Try it | The entries that follow must be written out exactly, without any of the pictures they contain.

The data |
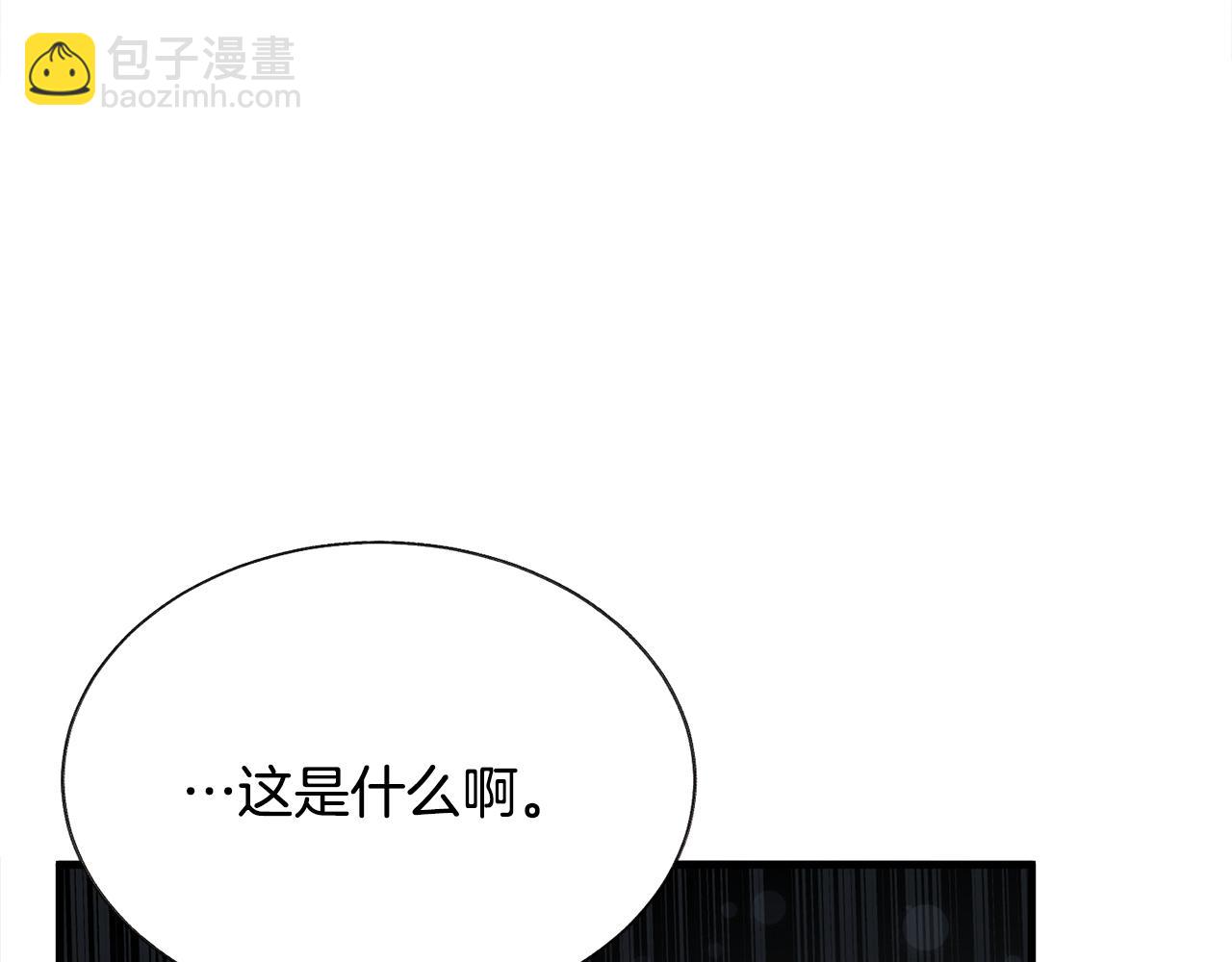 第107话 打工人6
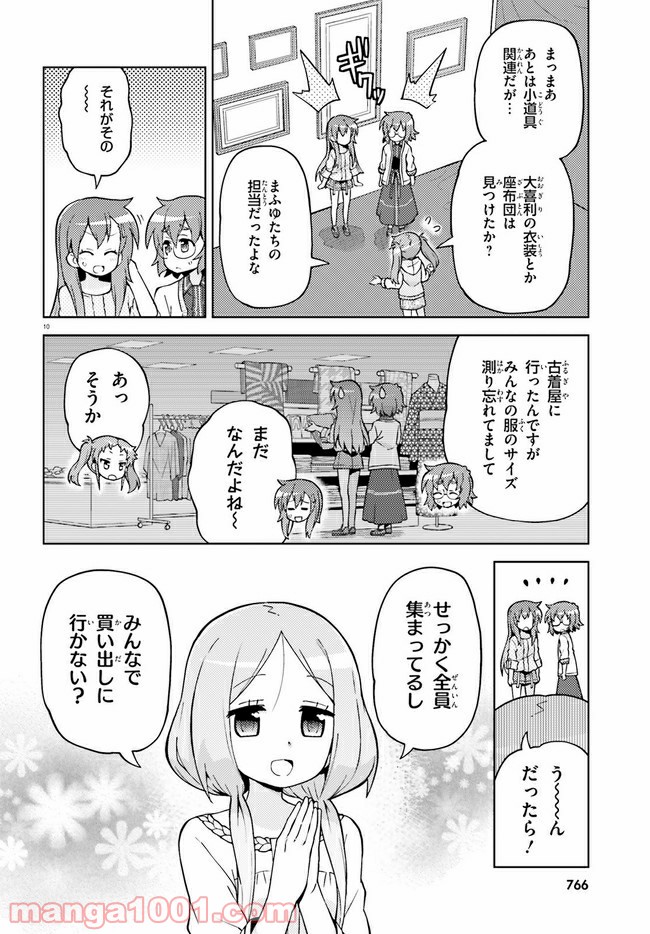 まえせつ！ - 第6話 - Page 9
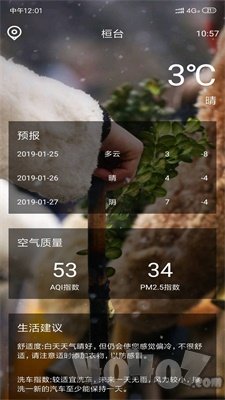 麋鹿天气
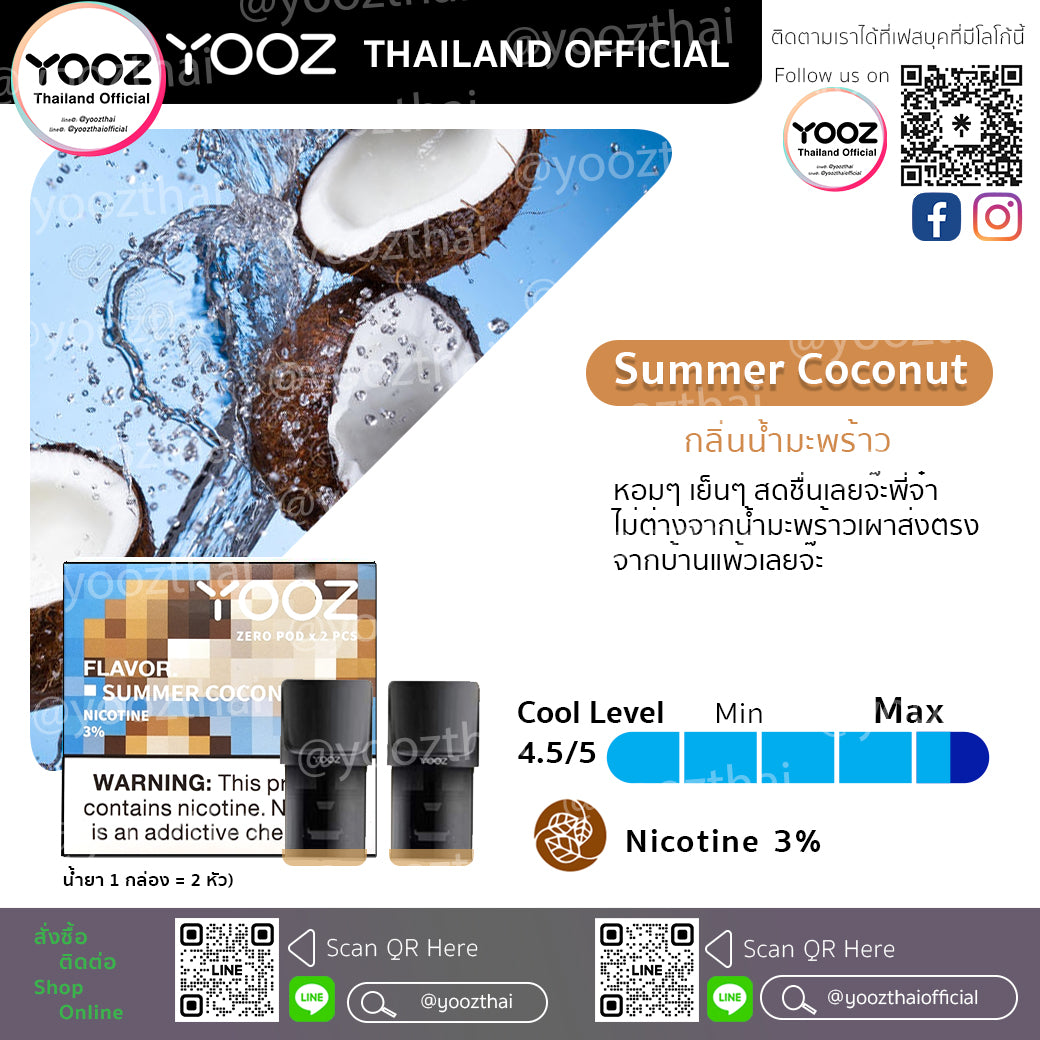 Pods Summer Coconut กลิ่นมะพร้าว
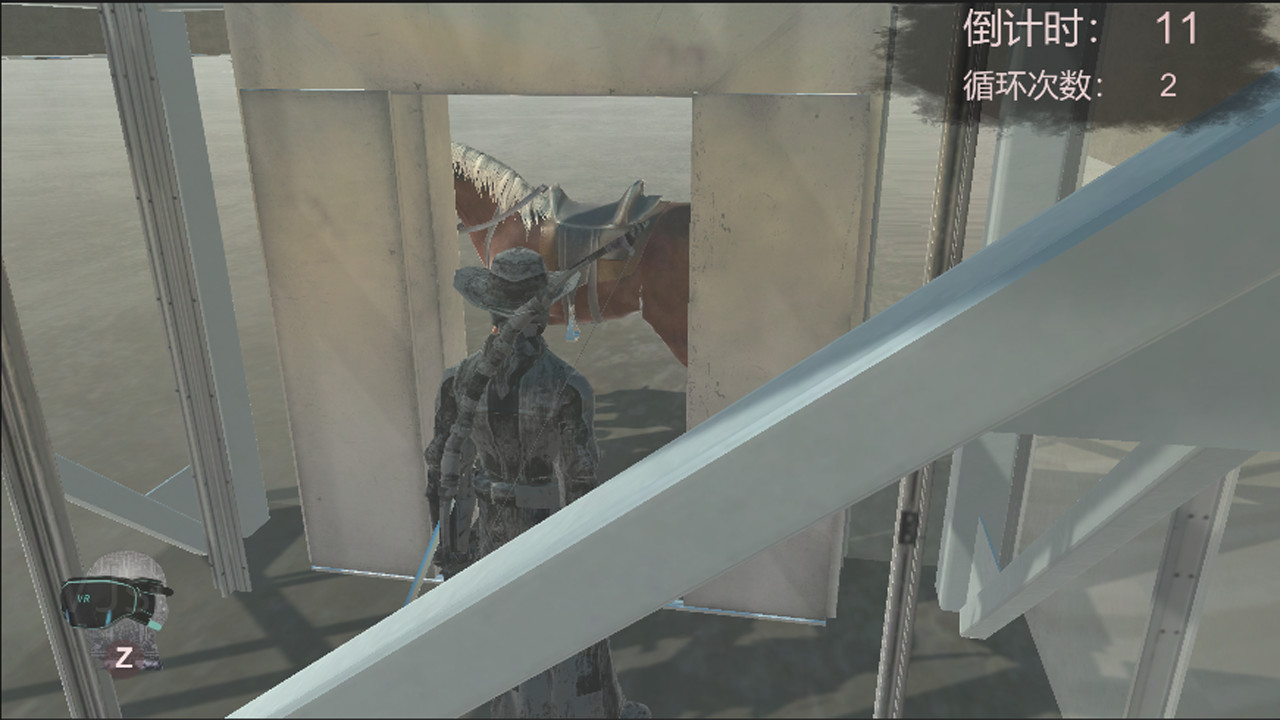 VAR paradise lifetime VIP screenshot 3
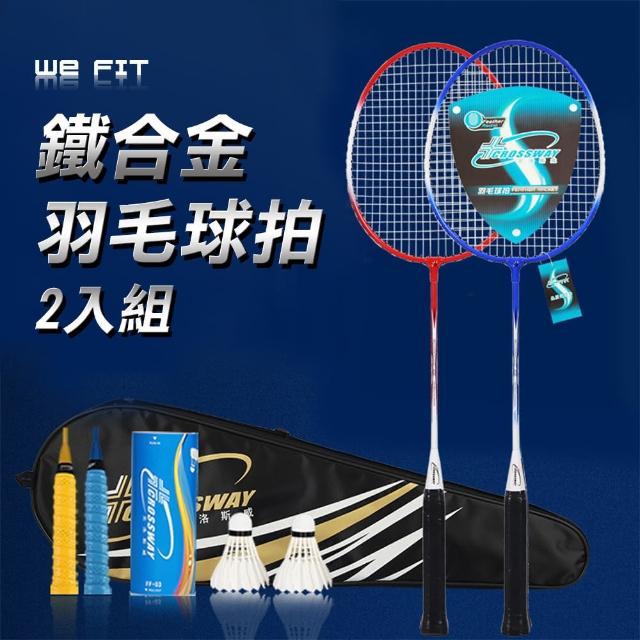 【2025】羽毛球拍推薦10款高評價羽毛球拍品牌排行 | 好吃美食的八里人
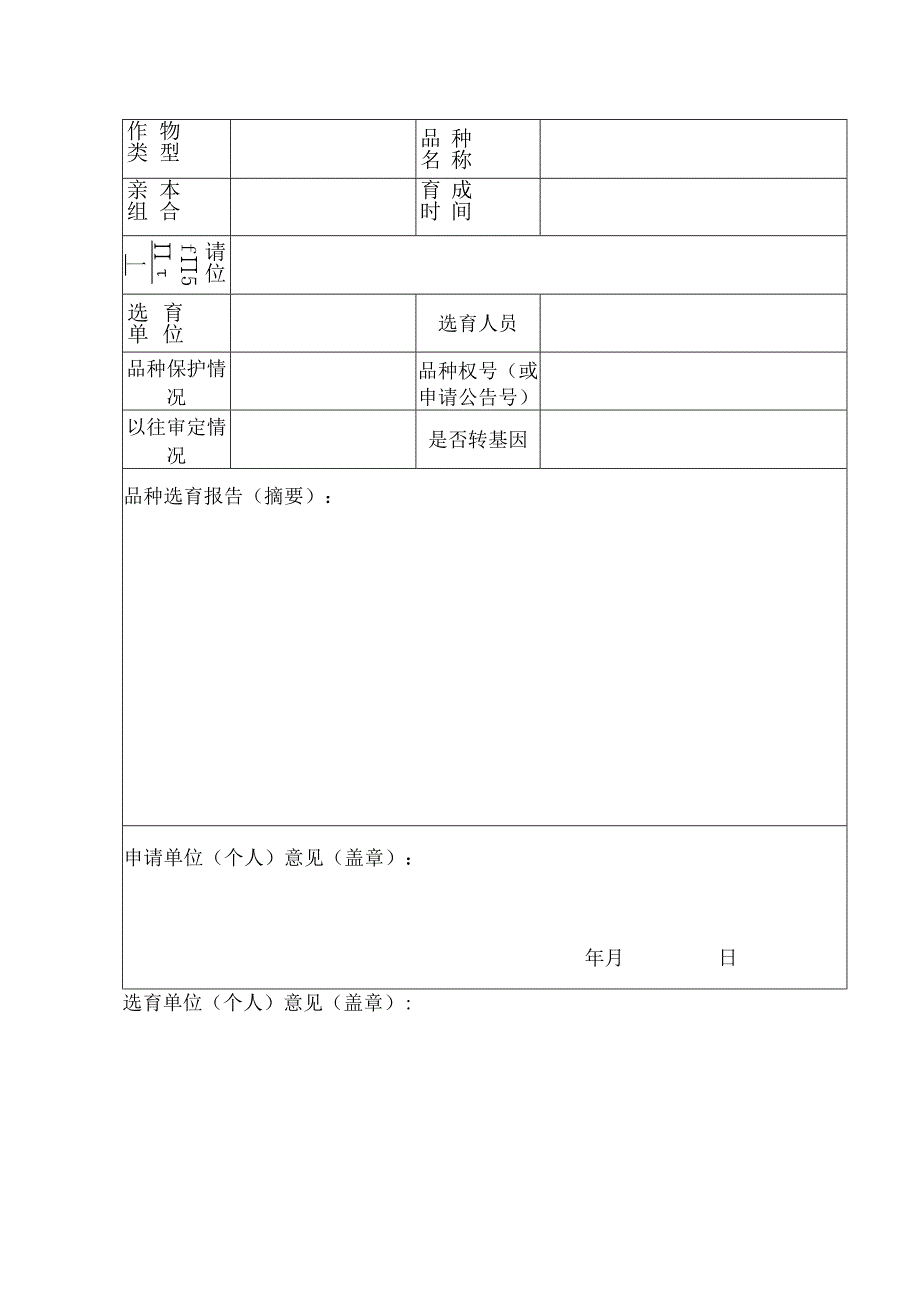 福建省主要农作物品种审定申请书.docx_第3页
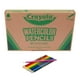 thumbnail image 1 of Lápices de acuarela Crayola Classpack, 240 unidades, para aula, 1 of 8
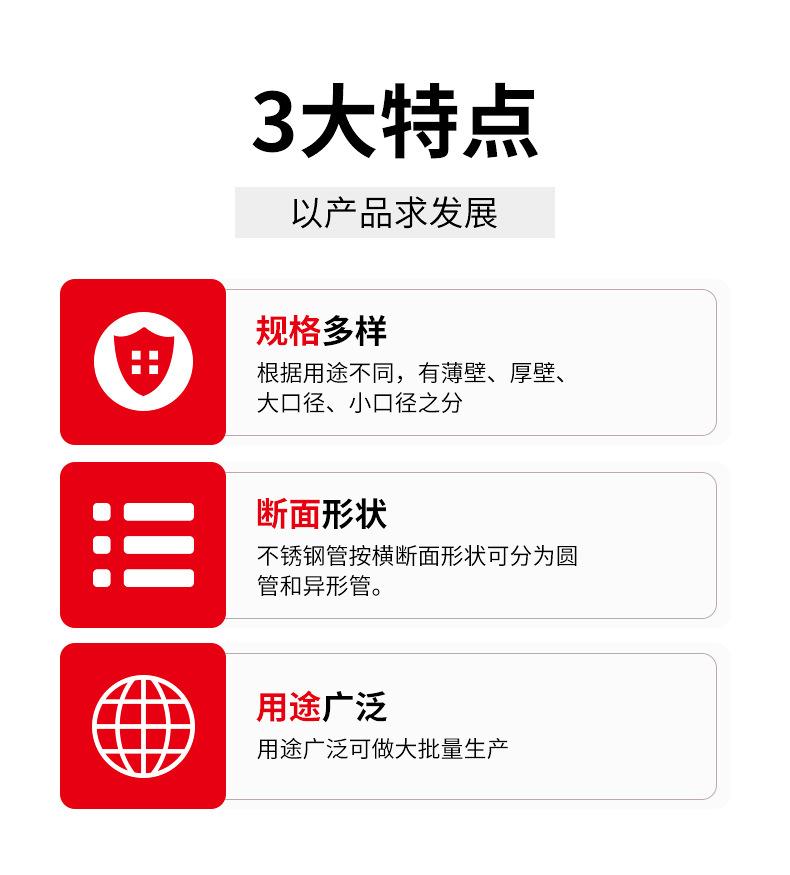 崇德鑫出版-不锈钢管_03.jpg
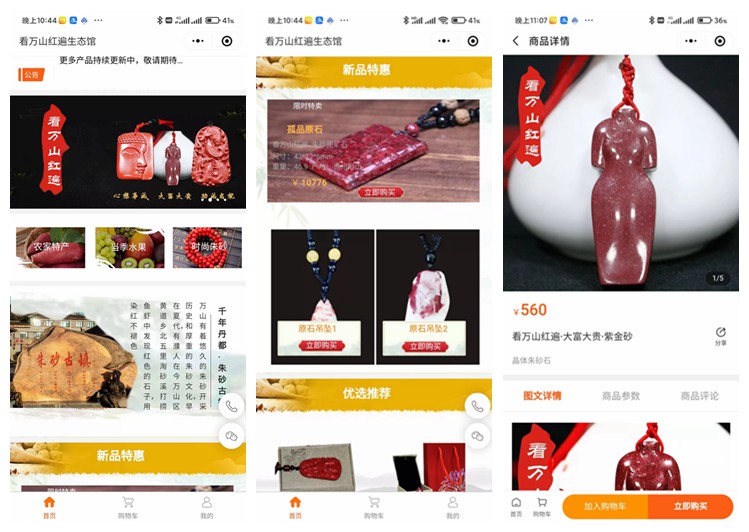 船山看万山红遍生态馆（商城小程序）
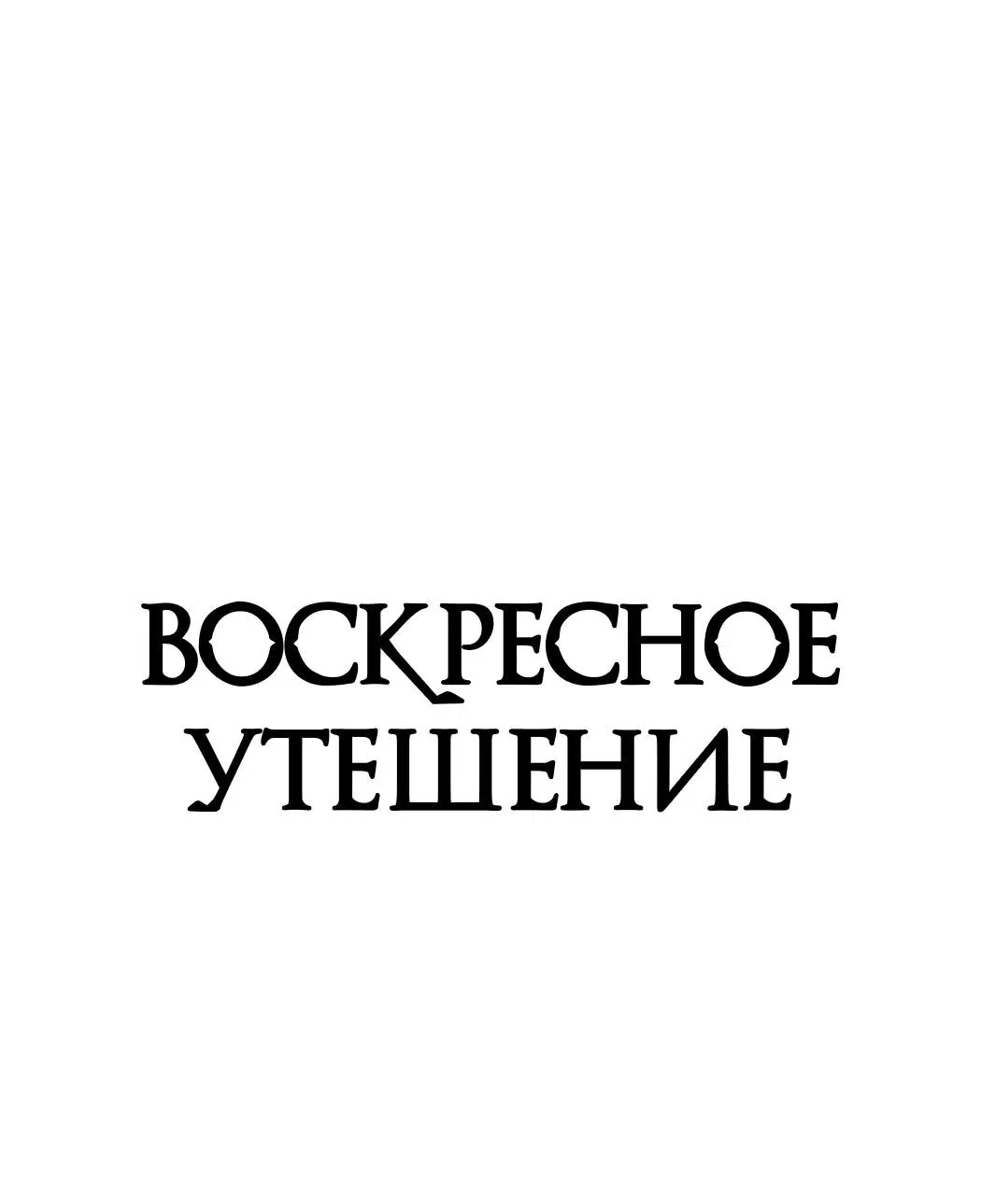 Манга Воскресное утешение - Глава 64 Страница 2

Answer to this exercise |
 第107话 打工人6
 まえせつ！ - 第6話 - Page 9
 麋鹿天气
 Pods Summer Coconut กลิ่นมะพร้าว
 VAR paradise lifetime VIP screenshot 3
 【2025】羽毛球拍推薦10款高評價羽毛球拍品牌排行 | 好吃美食的八里人
 福建省主要农作物品种审定申请书.docx_第3页
 thumbnail image 1 of Lápices de acuarela Crayola Classpack, 240 unidades, para aula, 1 of 8
 崇德鑫出版-不锈钢管_03.jpg
 船山看万山红遍生态馆（商城小程序）
 Манга Воскресное утешение - Глава 64 Страница 2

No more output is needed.